# Virtueller RAM?



## mp89 (14. November 2007)

Hallo,

gibt es irgendeine Möglichkeit seinen RAM virtuell um ein paar 100MB nur hochzusetzen?

Gruß 
Max


----------



## Sukrim (14. November 2007)

*hüstel* Wozu?

Du kannst zwar z.B. den virtuellen Speicher unter Windows hochdrehen, aber du bräuchtest schon eine SEHR schnelle Festplatte um dann überhaupt damit arbeiten zu können...

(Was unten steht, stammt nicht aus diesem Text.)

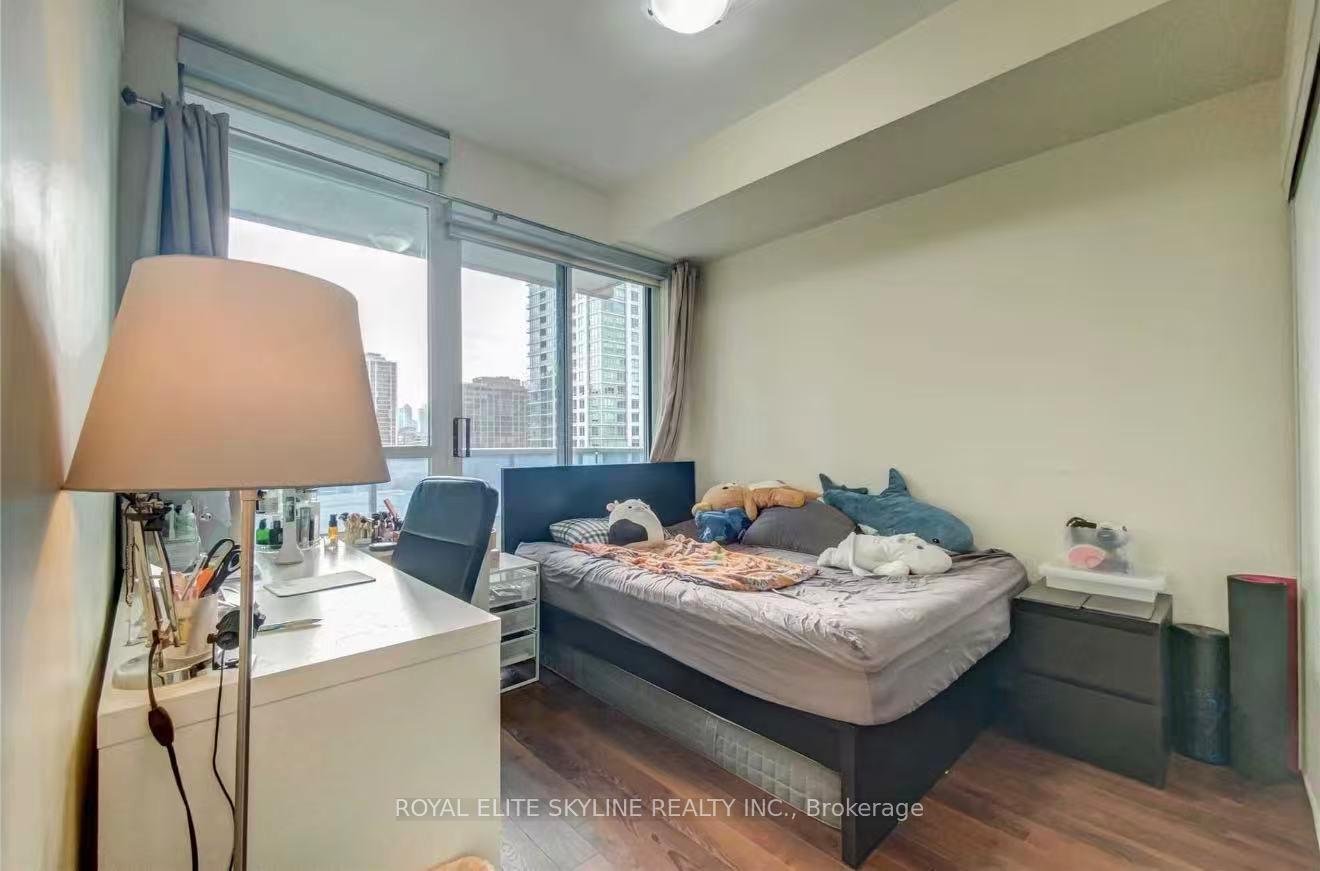 Photo 5 of Unit 708, 500 Sherbourne Street, Toronto, North St. James Town — HOMEH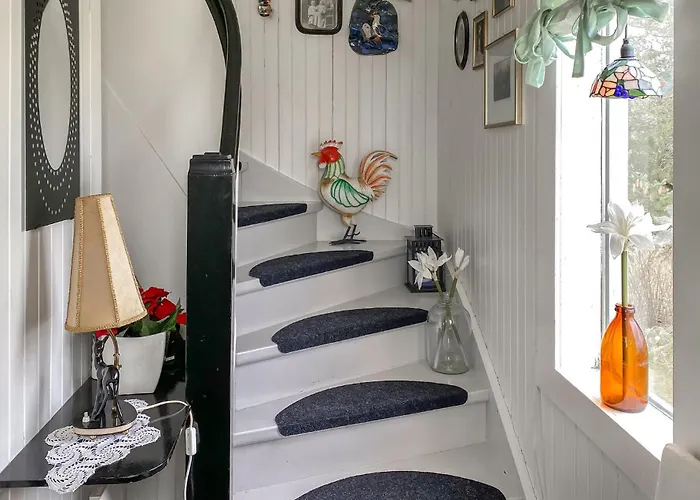 Апартаменты 3 Bedroom Cozy In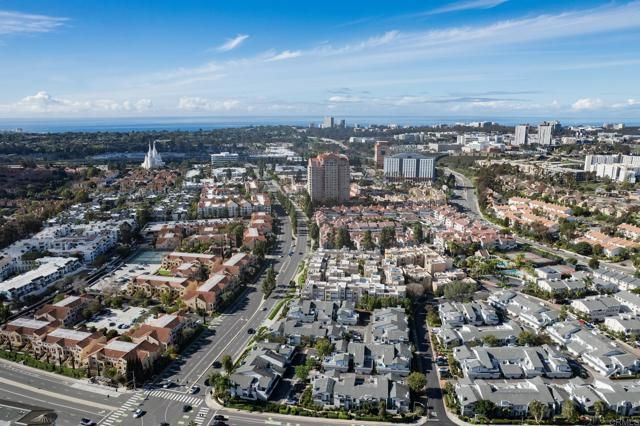 4085 Crystal Dawn Ln 201, San Diego, CA 92122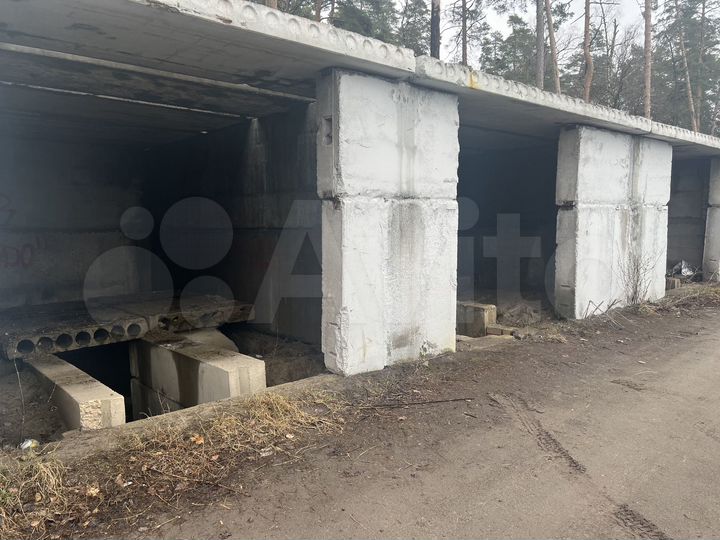 Гараж, > 30 м²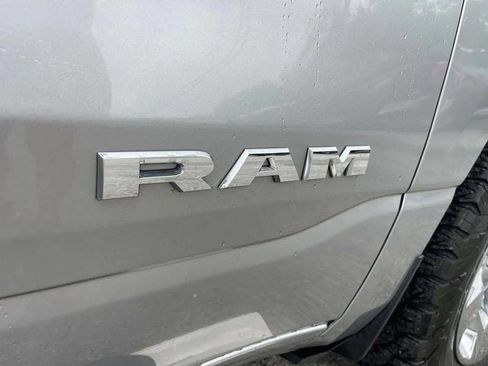 Used 2020 RAM 1500 Big Horn AWD/4WD image 10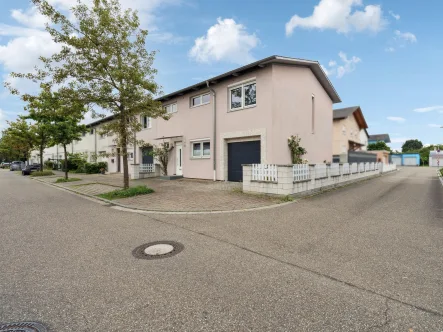 Hausansicht - Haus kaufen in Lahr - Haus mit klasse Aufteilung und Garten in Lahr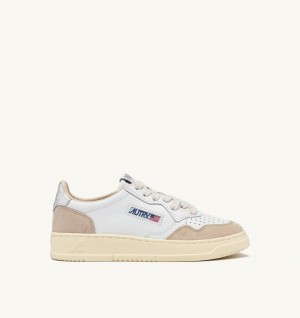 Autry Medalist Low Sneakers Leather White | 6291-VRALP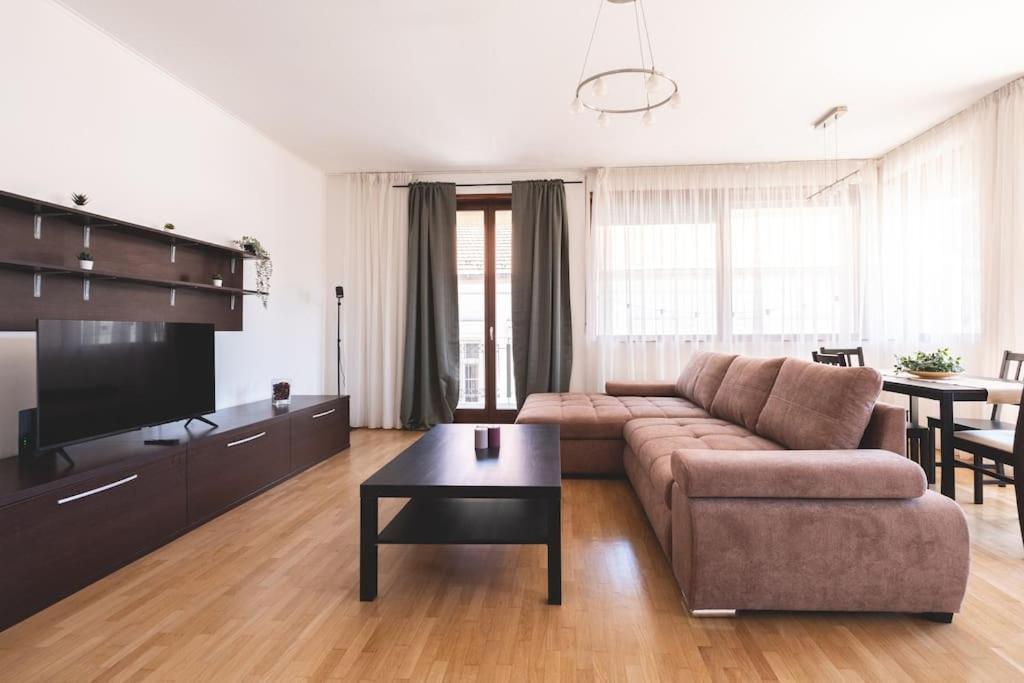 Appartement Bright Downtown Balcony Retreat à Budapest Extérieur photo
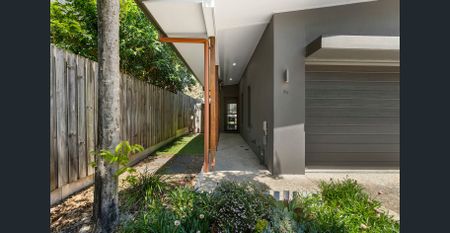 Stylish Townhouse with Exceptional Outdoor Living - Photo 5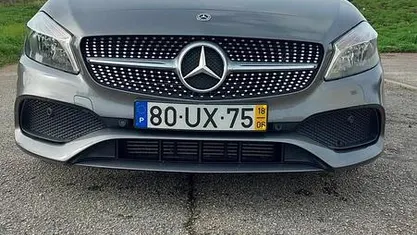 Cinzento Usado 2018 Mercedes A180 Citadino | € 19.000 (Bom preço)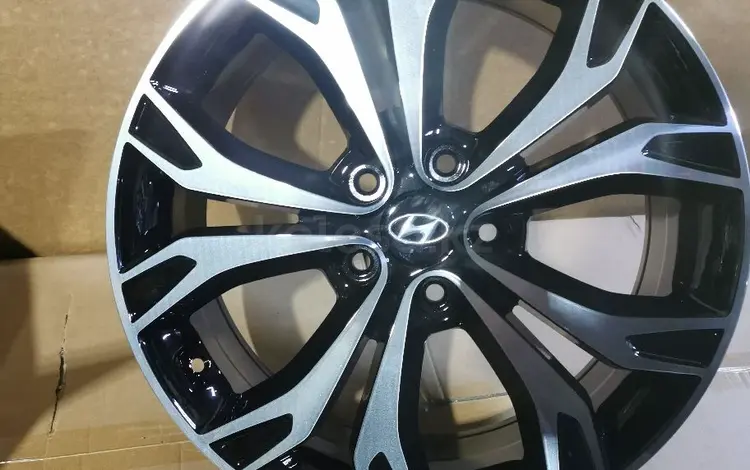 Диски комплект R18 5x114.3 Hyundai Sonata за 320 000 тг. в Алматы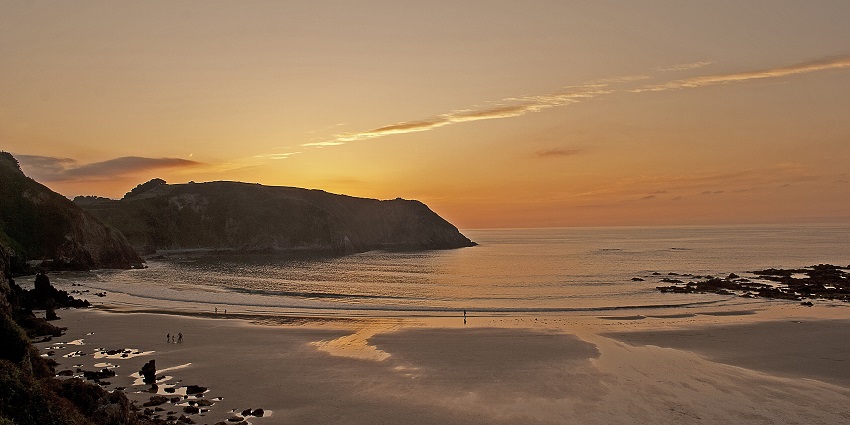 Amio Beach is the best beach in Cantabria, rich in vegetation and surrounded by cliffs.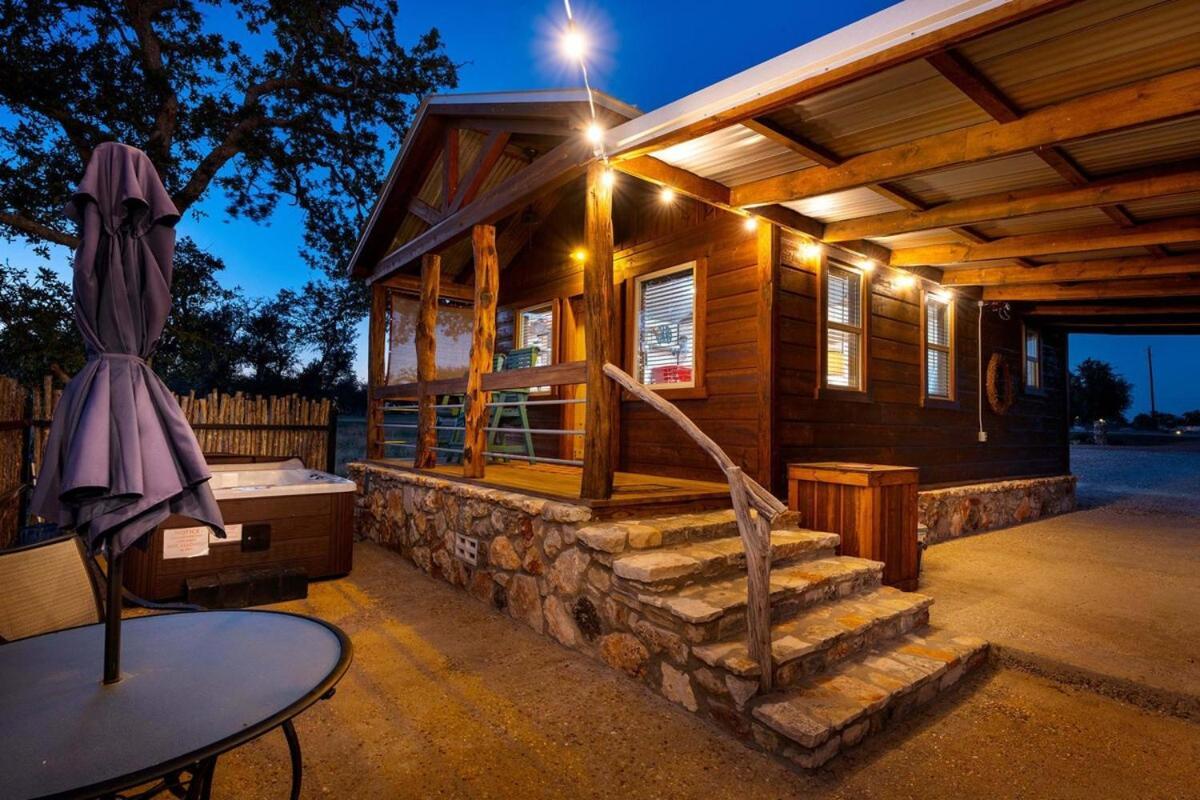 Rockin' R - Morning Star Cabin Fredericksburg Exterior photo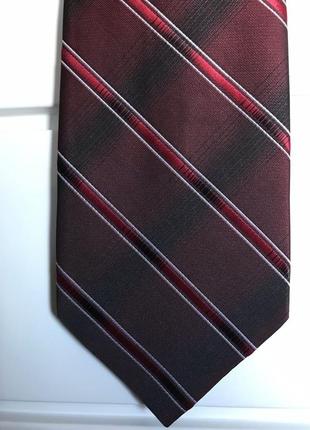 Галстук новый  темно бордовый  красный черный  серебристо белый с переливом favourite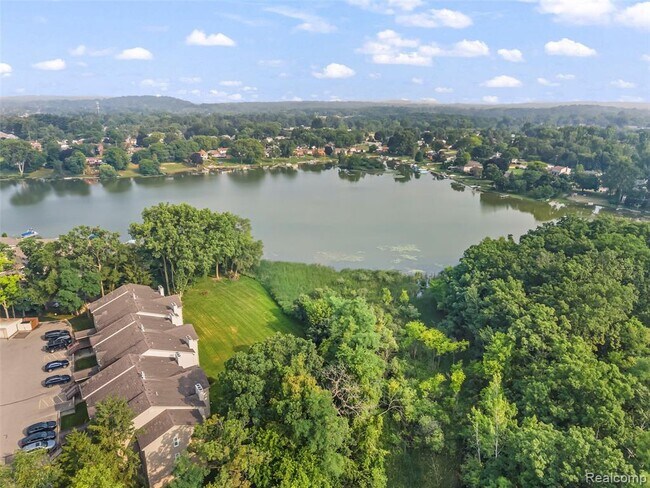 Building Photo - 4911 Oak Hill Dr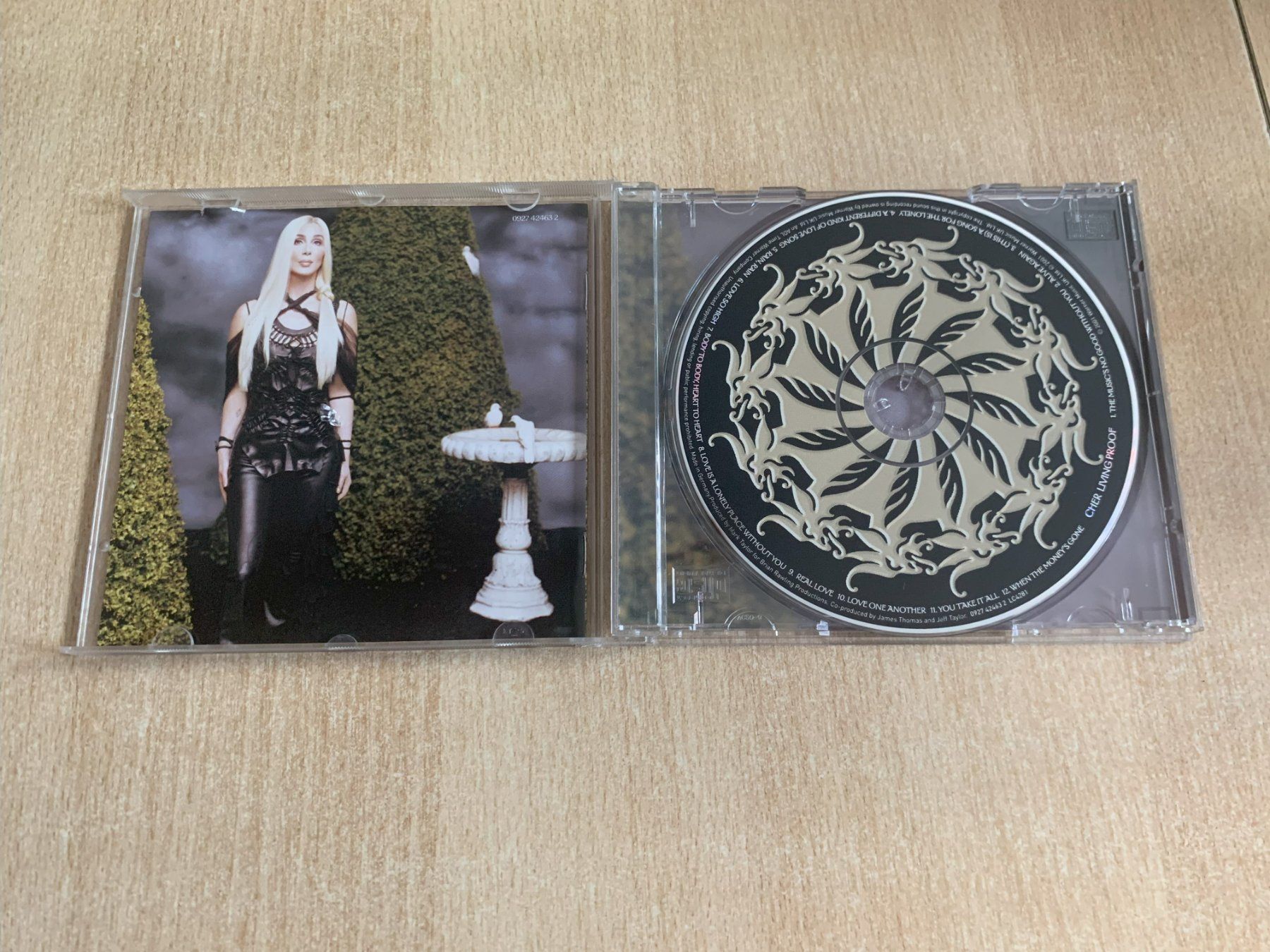 CDs: Cher - Living proof (CD) – Gebraucht aus Reinach BL von con_ync2 2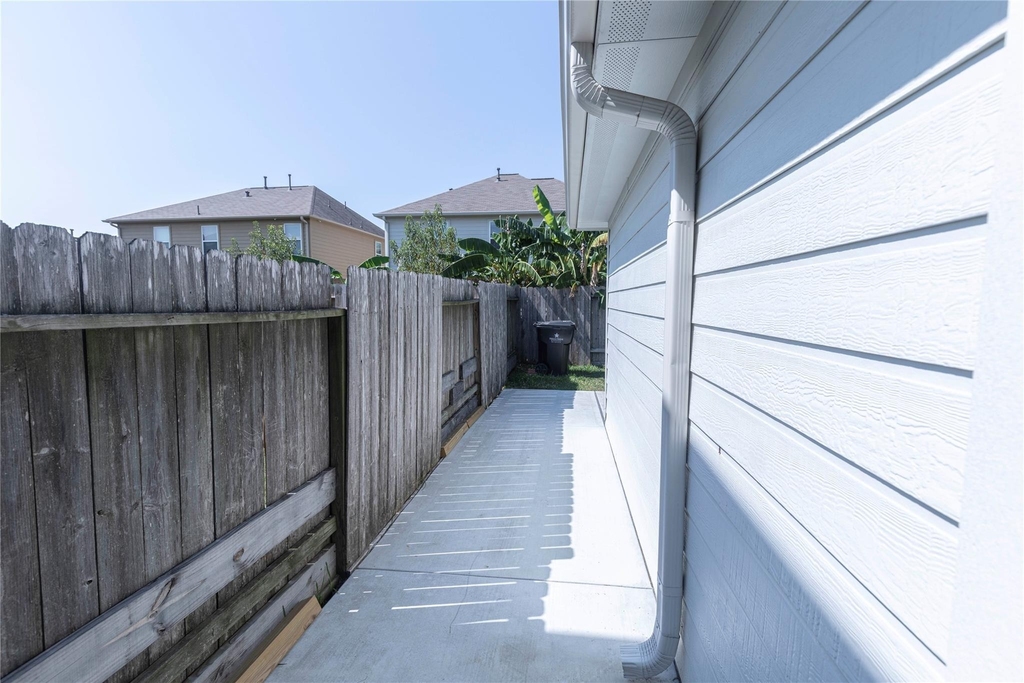 5027 Lamppost Hill Court - Photo 3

Sobald ausgelagert wird, wird's dreckig - falls du aber den Ram erweitern MUSST (z.B. um etwas rendern zu können, das gerade nicht in deinen Hauptspeicher passt) kannst du ja mal nach Virtueller Speicher googeln.


----------



## mp89 (15. November 2007)

Nene, folgendes Problem. Habe mir mal den Virtual PC (von MS) runtergeladen und kann dort nur 384MB RAM, also so viel wie ich hab, als RAM einstellen. Um mehr einstellen zu können, bräuchte ich ja dann mehr physikalischen RAM, also keine Auslagerungsdatei. Da allerdings meine Sorte von RAM sehr teuer ist( nehme an, weil veraltet) würde sich das nicht mehr lohnen aufzurüsten... Gibts da nicht ein Programm was mir mal eben 200MB mehr RAM emuliert und als physikalischen Speicher tarnt, damit ich die Einstellung hoch stellen kann?

Gruß


----------



## Raubkopierer (15. November 2007)

Wohl kaum. Denn wie gesagt erführst du dadurch maximal einen Geschwindigkeitseinbruch. Und deinen kompletten Arbeitsspeicher der virtuellen Maschine zu geben dürfte auch nicht sehr intelligent sein, da so ja ncihts mehr für Windows selbst bleibt.


----------



## mp89 (15. November 2007)

Aus diesem Grund, dass eben Windows nach Möglichkeit den virtuellen RAM nutzt, will ich ihn ja, denn wenn die virtuelle Maschine läuft, was muss denn dann windows noch groß machen? Doch wohl einfach nur im Hintergrund einige Prozesse am "Leben" erhalten oder? 
Naja, wenns so was nich gibt dann geht mein Vorhaben halt nicht... =(


----------



## Laudian (16. November 2007)

mp89 hat gesagt.:


> Nene, folgendes Problem. Habe mir mal den Virtual PC (von MS) runtergeladen und kann dort nur 384MB RAM, also so viel wie ich hab, als RAM einstellen. Um mehr einstellen zu können, bräuchte ich ja dann mehr physikalischen RAM, also keine Auslagerungsdatei. Da allerdings meine Sorte von RAM sehr teuer ist( nehme an, weil veraltet) würde sich das nicht mehr lohnen aufzurüsten... Gibts da nicht ein Programm was mir mal eben 200MB mehr RAM emuliert und als physikalischen Speicher tarnt, damit ich die Einstellung hoch stellen kann?
> 
> Gruß



Das ist nicht moeglich auf Hardwaretechnischer Grundlage, denn virtueller Ram in einem Virtuellen PC wird ganz normal in den Hardware-Ram geschrieben ... da wird also im Arbeitsspeicher Platz bereitgestellt. Folglich kannst du effektiv nur das machen, was man bei einem normalen PC auch macht ueber die Auslagerungsdatei arbeiten, aber da hast du Geschwindigkeitseinbussen im Bereich 2-3 Zehnerpotenzen je nach Guete der verwendeten Hardwarekomponenten.


----------